Exercise:
Among the lines below, return each one that contains the word "image".

Supplied records:
* * *
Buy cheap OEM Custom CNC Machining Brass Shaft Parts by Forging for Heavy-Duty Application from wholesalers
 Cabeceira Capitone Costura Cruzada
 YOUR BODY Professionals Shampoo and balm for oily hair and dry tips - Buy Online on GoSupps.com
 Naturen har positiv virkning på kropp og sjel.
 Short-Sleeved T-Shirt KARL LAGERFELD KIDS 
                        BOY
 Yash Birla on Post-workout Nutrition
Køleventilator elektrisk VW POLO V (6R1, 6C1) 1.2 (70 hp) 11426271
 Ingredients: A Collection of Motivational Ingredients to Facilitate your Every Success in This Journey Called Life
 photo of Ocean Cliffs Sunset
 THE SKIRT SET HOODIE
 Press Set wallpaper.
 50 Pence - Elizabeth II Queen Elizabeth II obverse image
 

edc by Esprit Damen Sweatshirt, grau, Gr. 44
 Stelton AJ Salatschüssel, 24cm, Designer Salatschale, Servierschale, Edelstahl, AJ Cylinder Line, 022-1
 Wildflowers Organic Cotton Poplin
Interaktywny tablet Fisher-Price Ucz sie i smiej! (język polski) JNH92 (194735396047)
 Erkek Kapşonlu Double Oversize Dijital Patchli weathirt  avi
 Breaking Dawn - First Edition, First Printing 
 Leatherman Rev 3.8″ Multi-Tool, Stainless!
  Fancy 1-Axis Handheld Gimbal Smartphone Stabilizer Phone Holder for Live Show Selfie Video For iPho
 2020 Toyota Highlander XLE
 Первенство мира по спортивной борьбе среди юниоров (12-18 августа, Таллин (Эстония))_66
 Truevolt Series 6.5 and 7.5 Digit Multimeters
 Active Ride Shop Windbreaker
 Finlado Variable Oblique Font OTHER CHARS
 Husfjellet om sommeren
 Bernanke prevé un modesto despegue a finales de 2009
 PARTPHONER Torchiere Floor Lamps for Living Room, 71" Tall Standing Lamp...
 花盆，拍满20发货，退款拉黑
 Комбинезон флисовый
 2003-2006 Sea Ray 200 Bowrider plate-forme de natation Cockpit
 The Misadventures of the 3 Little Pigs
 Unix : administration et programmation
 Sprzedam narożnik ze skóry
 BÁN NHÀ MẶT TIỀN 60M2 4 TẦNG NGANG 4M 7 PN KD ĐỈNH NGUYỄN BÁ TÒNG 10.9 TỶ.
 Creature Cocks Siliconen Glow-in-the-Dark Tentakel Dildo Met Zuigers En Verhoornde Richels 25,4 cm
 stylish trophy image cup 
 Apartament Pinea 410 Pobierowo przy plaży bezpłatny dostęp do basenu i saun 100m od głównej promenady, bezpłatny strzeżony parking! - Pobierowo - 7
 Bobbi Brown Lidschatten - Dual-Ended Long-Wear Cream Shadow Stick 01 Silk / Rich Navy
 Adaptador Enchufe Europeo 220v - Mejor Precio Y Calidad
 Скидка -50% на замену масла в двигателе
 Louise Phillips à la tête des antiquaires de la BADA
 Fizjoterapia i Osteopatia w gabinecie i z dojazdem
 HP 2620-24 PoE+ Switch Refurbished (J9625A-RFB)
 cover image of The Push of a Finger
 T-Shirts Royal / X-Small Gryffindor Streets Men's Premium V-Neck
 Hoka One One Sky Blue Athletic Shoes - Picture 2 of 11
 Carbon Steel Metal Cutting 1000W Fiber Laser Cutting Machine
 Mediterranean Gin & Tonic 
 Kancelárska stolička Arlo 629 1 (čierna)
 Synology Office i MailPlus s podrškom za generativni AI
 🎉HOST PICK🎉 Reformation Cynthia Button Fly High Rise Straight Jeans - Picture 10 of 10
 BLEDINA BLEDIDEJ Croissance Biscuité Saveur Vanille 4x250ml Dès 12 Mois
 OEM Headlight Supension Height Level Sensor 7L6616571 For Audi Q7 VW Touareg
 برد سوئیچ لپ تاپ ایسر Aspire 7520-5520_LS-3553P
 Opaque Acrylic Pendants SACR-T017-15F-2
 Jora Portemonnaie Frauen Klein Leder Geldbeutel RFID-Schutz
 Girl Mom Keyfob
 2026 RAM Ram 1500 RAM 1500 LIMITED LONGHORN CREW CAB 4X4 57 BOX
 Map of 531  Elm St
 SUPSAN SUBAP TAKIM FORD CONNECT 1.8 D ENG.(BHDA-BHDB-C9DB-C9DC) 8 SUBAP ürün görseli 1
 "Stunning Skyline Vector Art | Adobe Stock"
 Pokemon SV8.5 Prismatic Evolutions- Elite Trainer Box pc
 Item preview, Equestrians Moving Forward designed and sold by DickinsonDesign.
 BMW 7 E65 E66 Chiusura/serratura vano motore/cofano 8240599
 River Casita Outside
* * *
Your response:
 50 Pence - Elizabeth II Queen Elizabeth II obverse image
 stylish trophy image cup 
 cover image of The Push of a Finger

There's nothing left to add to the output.